• GOAL OF THE EXERCISE:
Print, exactly and with no pictures, the line containing "Settle Down Lagoon" and each line after it to the end of the entries below.

[Opening DATA PROVIDED section]

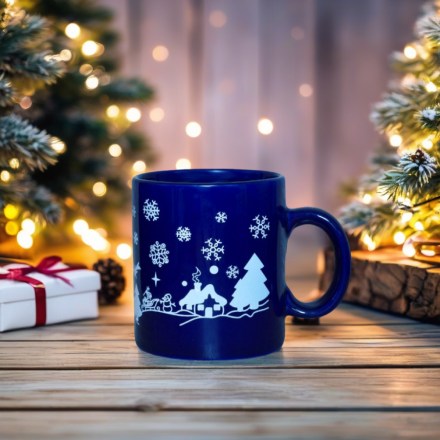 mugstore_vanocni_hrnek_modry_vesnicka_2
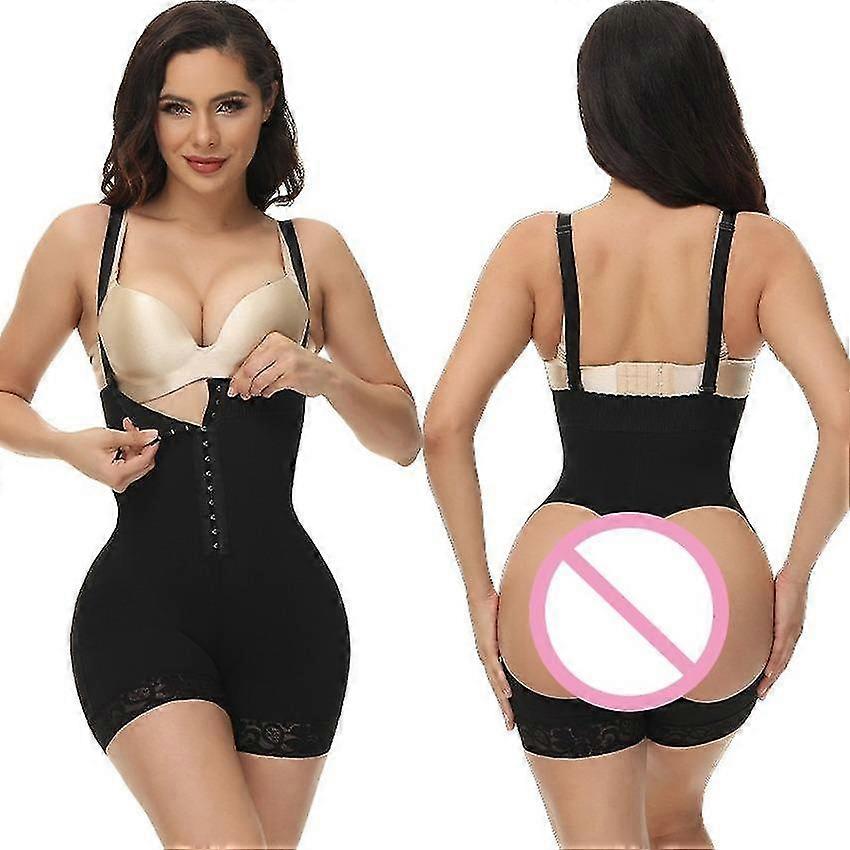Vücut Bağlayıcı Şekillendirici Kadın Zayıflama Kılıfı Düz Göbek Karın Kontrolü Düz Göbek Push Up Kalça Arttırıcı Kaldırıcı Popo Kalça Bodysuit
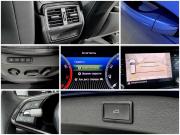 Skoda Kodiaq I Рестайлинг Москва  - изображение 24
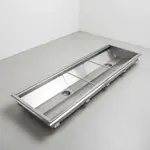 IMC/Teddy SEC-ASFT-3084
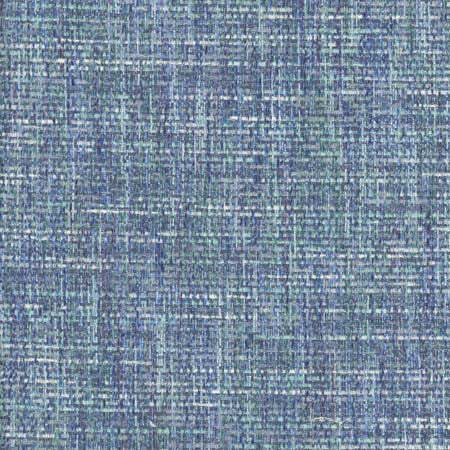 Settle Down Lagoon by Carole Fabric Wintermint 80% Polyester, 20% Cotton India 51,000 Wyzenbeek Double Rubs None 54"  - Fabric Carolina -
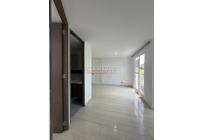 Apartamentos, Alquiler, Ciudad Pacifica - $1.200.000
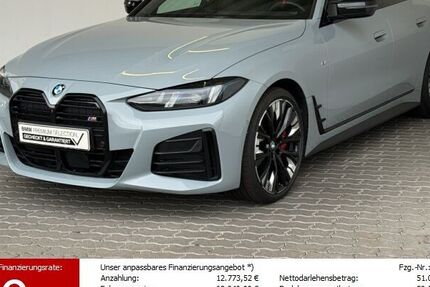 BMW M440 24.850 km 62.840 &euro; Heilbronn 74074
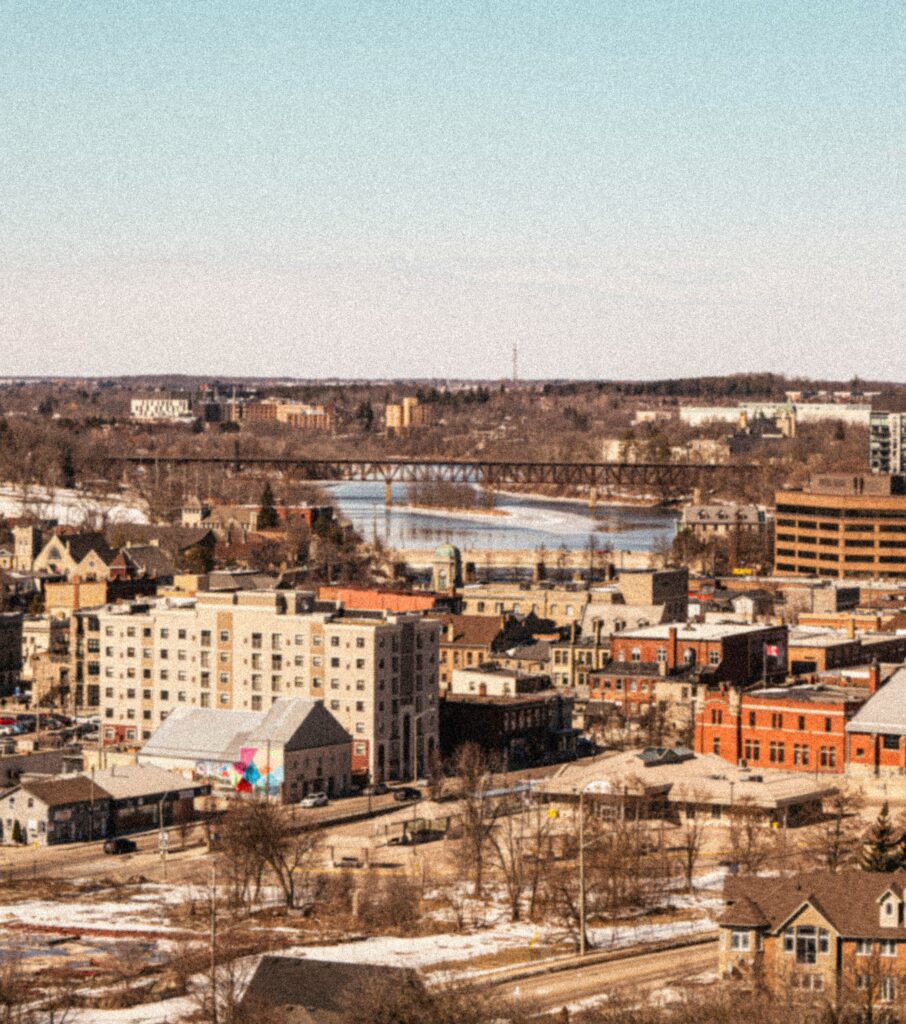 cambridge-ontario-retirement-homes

[Closing DATA PROVIDED section]

• OUTPUT OF THE EXERCISE:
 Settle Down Lagoon by Carole Fabric Wintermint 80% Polyester, 20% Cotton India 51,000 Wyzenbeek Double Rubs None 54"  - Fabric Carolina -
 Apartamentos, Alquiler, Ciudad Pacifica - $1.200.000
 BMW M440 24.850 km 62.840 &euro; Heilbronn 74074
 cambridge-ontario-retirement-homes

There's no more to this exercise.